March's PharmedOut Fodder
Problems with Clinical Trials
We rely on clinical trials of drugs to be held to the highest scientific standards. FDA uses trial results to approve treatments for their safety and efficacy, and doctors trust peer-reviewed journals to share accurate information about new treatments.
But in February, and in many months before that, we have repeatedly heard about trials that aren't up to par, whether in their design or reporting of results.

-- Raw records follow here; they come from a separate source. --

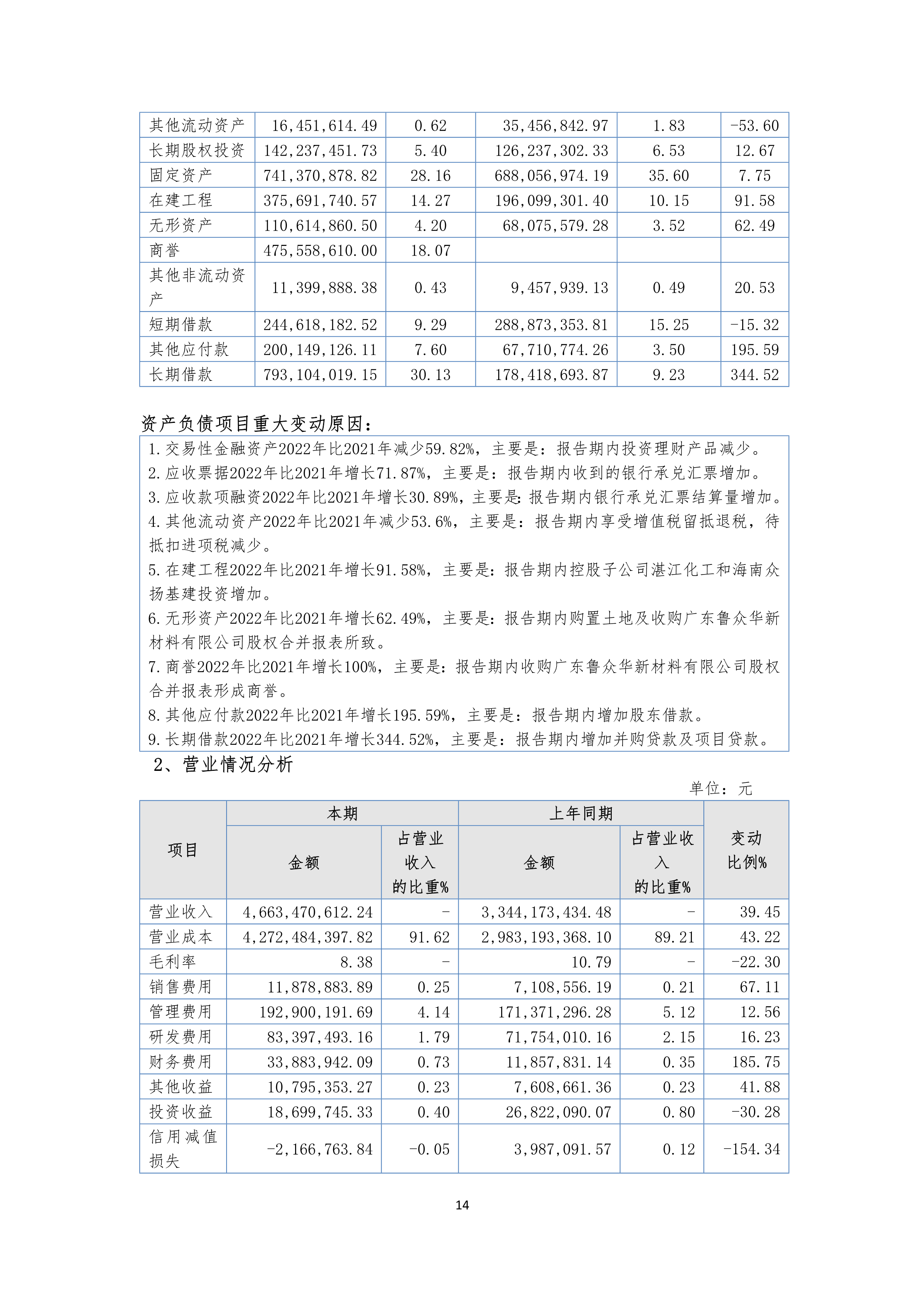 K1电竞 - 王者之路,由此开启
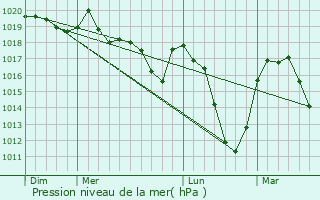 Graphe de la pression atmosphrique prvue pour Chaudeyrac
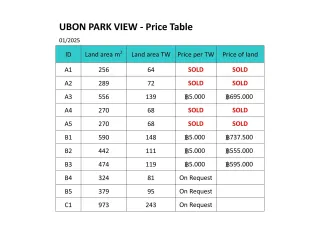 For sale land in Mueang Ubon Ratchathani, Ubon Ratchathani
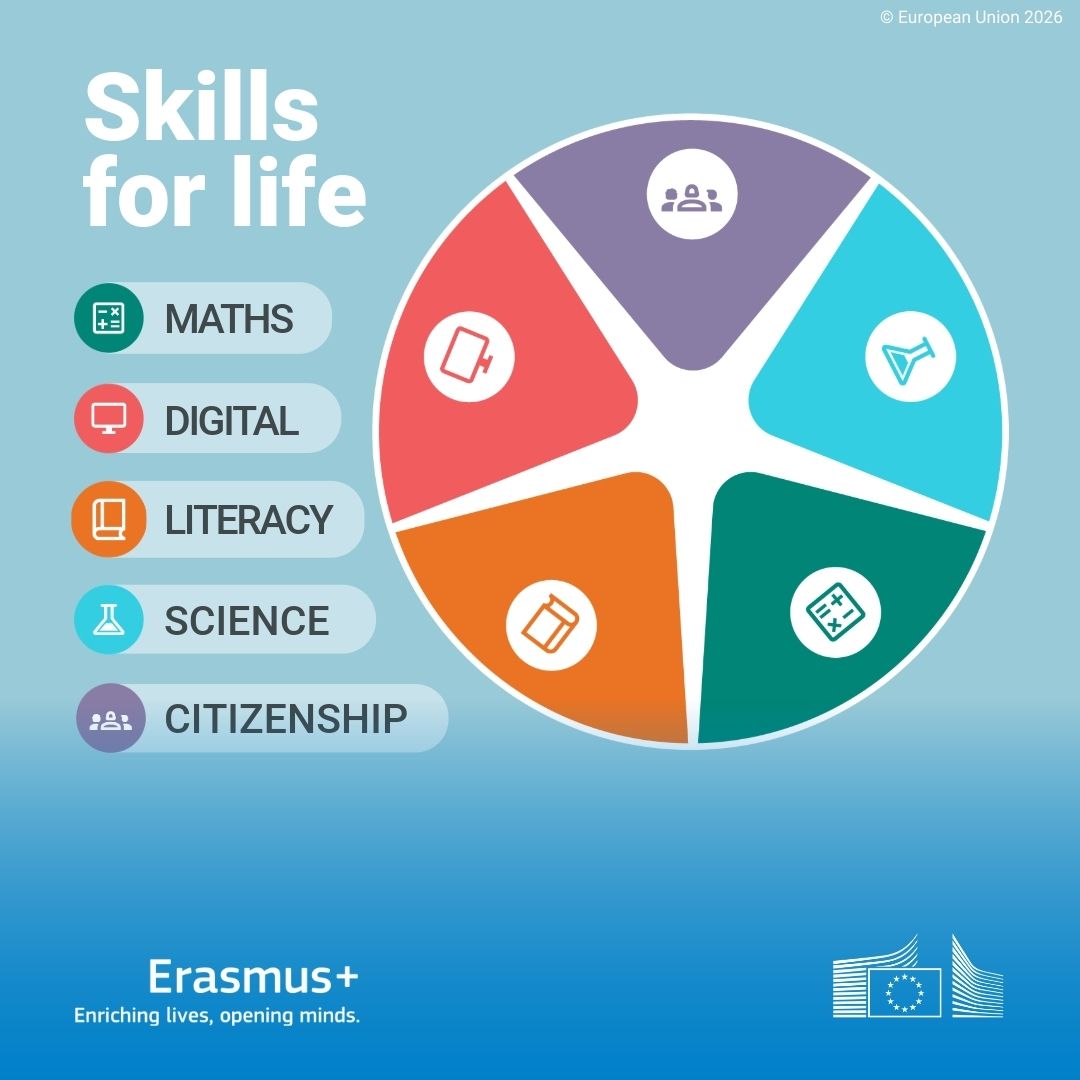 Erasmus+ tweet media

Here are three top ways clinical trials can be manipulated:
1. Industry influences study reports. This was a primary concern raised in Dr. Robert Califf's nomination for FDA commissioner. His research institute at Duke University took ample pharmaceutical industry funding, and during confirmation hearings, he was questioned about industry's role in studies.
Califf explained that while drug companies consult in study designs, academic researchers have the "final say." That may be, but the link between industry funding and more favorable results has been proven repeatedly.
2. Not reporting at all. Since the U.S. does not require the registration or reporting of all clinical trials, researchers often is not published. Last month, it became apparent that this is systemic at academic institutions: One-third of clinical trials conducted at 51 top U.S. universities and academic hospitals were never published in a peer-reviewed journal or government registry, according to a new BMJ study. Two-thirds of all the trials were not published within two years.
As one of the study authors wrote in NPR, "Not reporting results violates the basic principle of the scientific method. It hurts patients, society and science. It also dishonors the people who gave their consent and bore the risk of participating in the studies. Who would agree to be in a study with the knowledge that the results wouldn't be shared?"
All clinical trial results should be reported.
3. Outcome switching. Before starting a clinical trial, researchers are supposed to pre-specify which outcomes they are studying. Doing this makes it easier to see whether outcomes have been switched. Researchers shouldn't pick and choose which outcomes to reveal.
Journals are supposed to check for outcome switching, but too often, they do not, and cherry-picked outcomes get published, presenting false impressions of drugs. As the COMPare project reports, a recent PLOS One review of 137 randomized controlled trials found that 18% had some form of discrepancy relating to the primary outcome, 15% changed the definition of the primary outcome, and 64% of the trials had discrepancies between pre-specified and reported outcomes for non-primary endpoints.
The FDA, academic institutions, and medical journals must commit to raising expectations for clinical trials. If they don't, who will?